In an action to recover damages for libel or slander, CPLR 3016 (a) provides that "the particular words complained of shall be set forth in the complaint." A cause of action sounding in libel or slander which fails to comply with these special pleading requirements must be dismissed (Martin v Hayes, 105 AD3d 1291, 1293 [3d Dept 2013]). Here, the claim fails to set forth the particular words complained of, and dismissal of the claimant's cause of action for slander and/or libel is required on this basis alone. To the extent it could be inferred that the conveyance of claimant's suicide threat to the State Police was defamatory, the Court finds, as indicated above, that the claimant, in fact, made such threats. Since truth is an absolute defense, claimant's defamation claim must be dismissed (see Cusimano v United Health Servs. Hosps., Inc., 91 AD3d 1149, 1151 [3d Dept 2012], lv denied 19 NY3d 801 [2012]).

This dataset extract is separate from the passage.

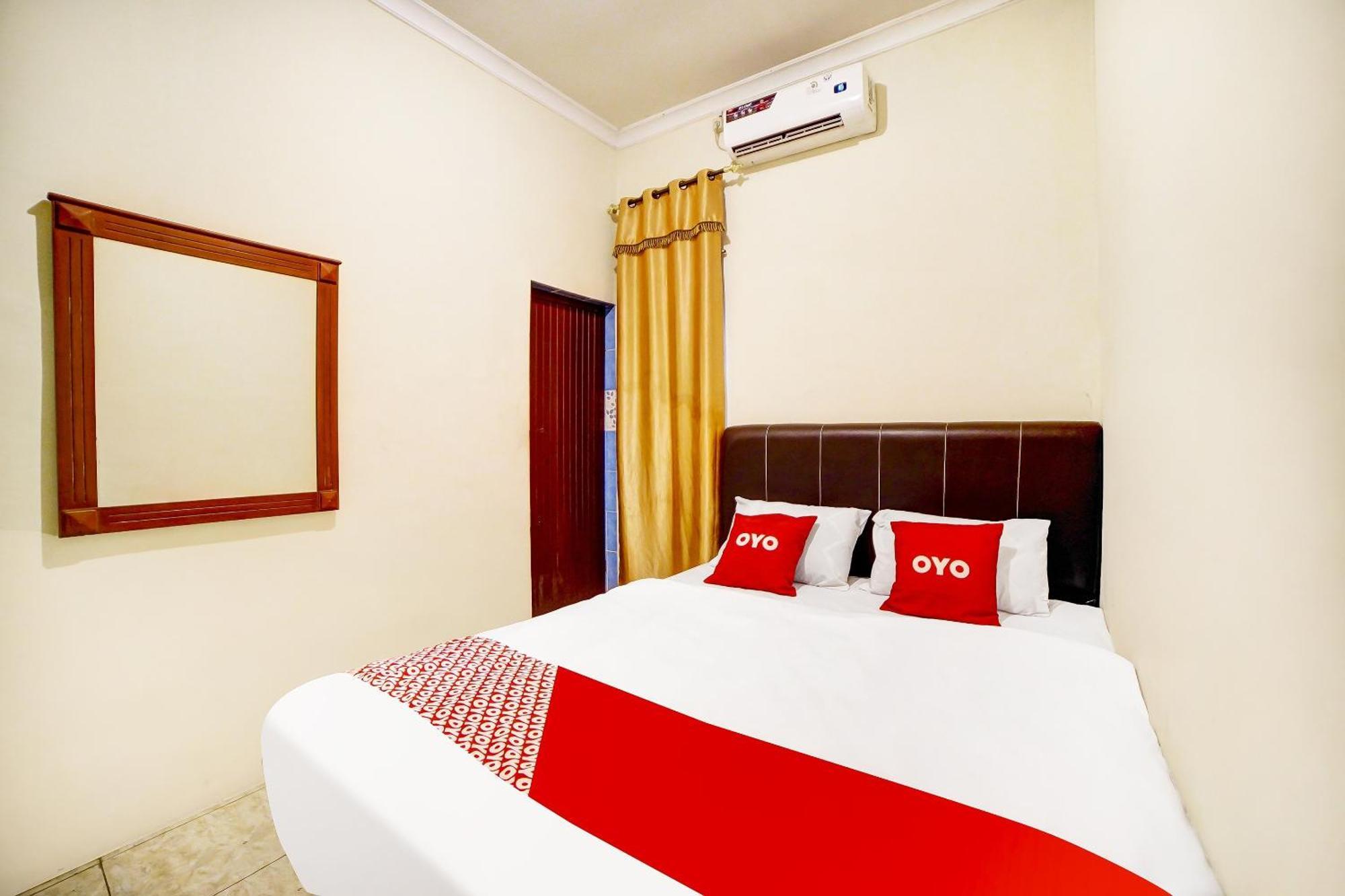 Oyo 91199 Felicia Homestay 棉兰 外观 照片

In Brown v State of New York (89 NY2d 172 [1996]), the Court of Appeals found recognition of a constitutional tort cause of action necessary to ensure the full realization of the claimant's constitutional rights under the Search and Seizure and Equal Protection Clauses of the State Constitution, notwithstanding the existence of a claim pending in federal court pursuant to 42 USC 1983. The Court subsequently clarified in Martinez v City of Schenectady (97 NY2d 78, 83 [2001]) that a cause of action for violation of the State Constitution is a narrow one which may not be invoked where the claimant has an alternate avenue of redress, such as common law tort causes of action (see e.g. Waxter v State of New York, 33 AD3d 1180 [3d Dept 2006]; Lyles v State of New York, 2 AD3d 694, 695-696 [2d Dept 2003], affd 3 NY3d 396 [2004]; Augat v State of New York, 244 AD2d 835 [3d Dept 1997]; Albright v State of New York, 32 Misc 3d 855 [Ct Cl, May 31, 2011, Marin, J.]). While there may be no alternative avenue of redress to assert his cause of action premised upon the allegedly unlawful search of his home, other than one under 42 USC 1983, the Court finds that the search of claimant's residence was conducted with the consent and assistance of claimant's wife.

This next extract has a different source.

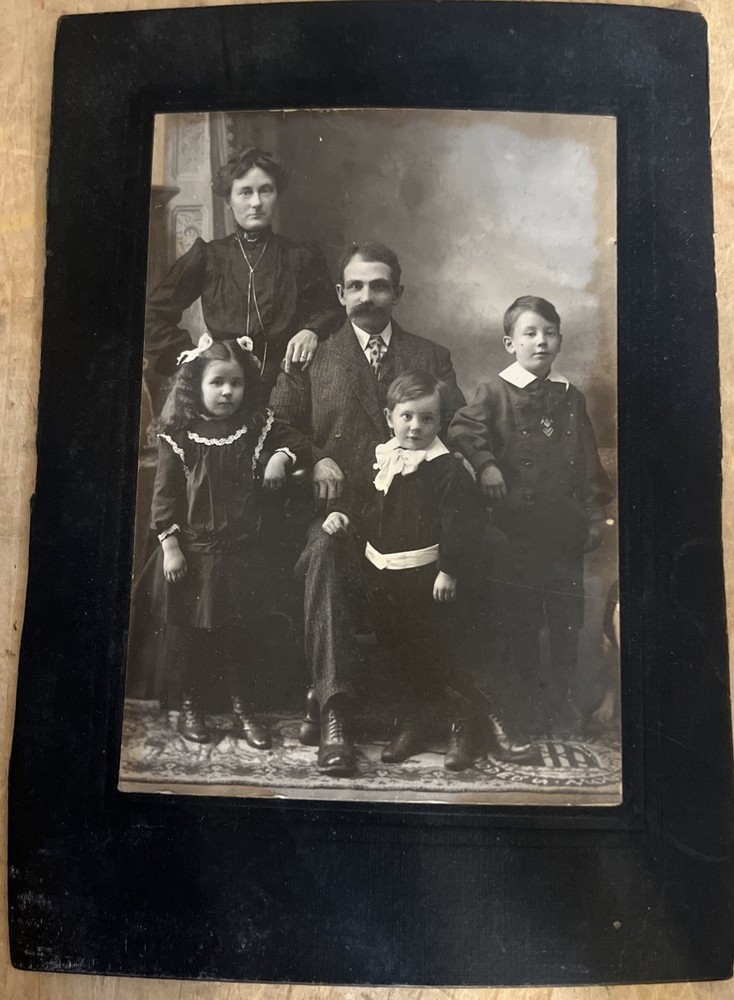 Mounted Antique Black White Family Photograph Photo Victorian Cabinet Card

"It is well established that the police need not procure a warrant in order to conduct a lawful search when they have obtained the voluntary consent of a party possessing the requisite authority or control over the premises or property to be inspected" (People v Reed, 151 AD3d 1821, 1824 [4th Dept 2017] [citation and internal quotation marks omitted]). "It is equally 'well settled that consent may be inferred from an individual's words, gestures, or conduct' " ( id., quoting U.S. v Buettner-Janusch, 646 F2d 759, 764 [1981], cert denied 454 US 830 [1981]). Here, the Court finds that Mrs. Riordan provided police the combination to the lockbox, which stored the key to the gun safe, and guided the police to the locations where guns were stored in the bedroom, laundry room and basement. Under these circumstances, the Court finds that no violation of the Search and Seizure clause of the State Constitution occurred.

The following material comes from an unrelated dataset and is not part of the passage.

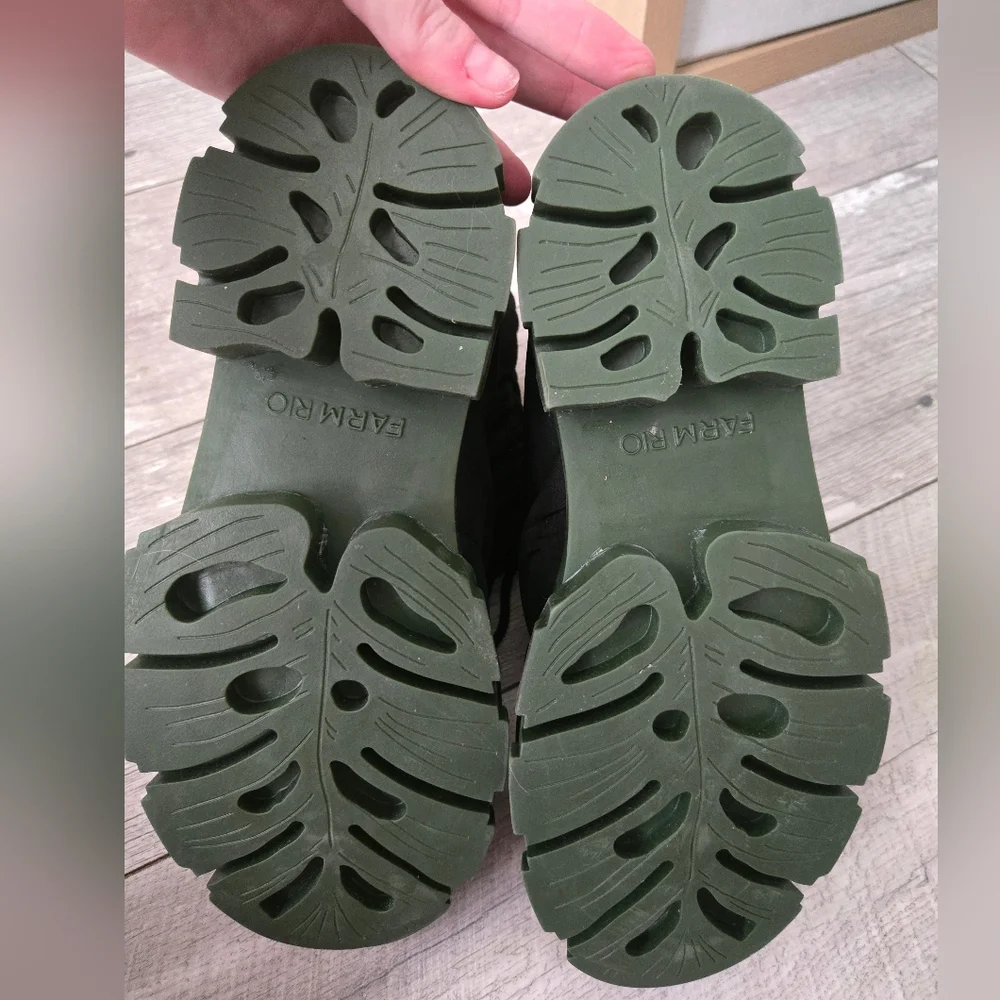 FARM RIO Lug Sole Bootie size 8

To the extent the claim rests on alleged violations of the Federal Constitution, the claim must be dismissed as the State is not a "person" within the meaning of the enabling legislation (42 USC 1983; Brown v State of New York, 89 NY2d 172, 185 [1996], citing Monell v New York City Dept. of Social Servs., 436 US 658 [1978]; see also Flemming v State of New York, 120 AD3d 848 [3d Dept 2014]; Shelton v New York State Liq. Auth., 61 AD3d 1145 [3d Dept 2009]).

Lastly, claimant's cause of action for conversion must be dismissed as claimant testified that all of the firearms removed from the home have been returned (see e.g. Solomon v Meyer, 149 AD3d 1320 [3d Dept 2017]).

Based on the foregoing, the claim is dismissed.

Let judgment be entered accordingly.

November 15, 2017

Saratoga Springs, New York


Judge of the Court of Claims

1. Sergeant Ritter was later promoted to Lieutenant.

2. Numbers preceded by the letter "T" are taken from the trial transcript.

3. A person is seized under the Fourth Amendment when, "in view of all of the circumstances surrounding the incident, a reasonable person would have believed that he was not free to leave." (Kia P. v McIntyre, 235 F3d 749, 762 (2d Cir 2000), cert denied 534 US 820 [2001]).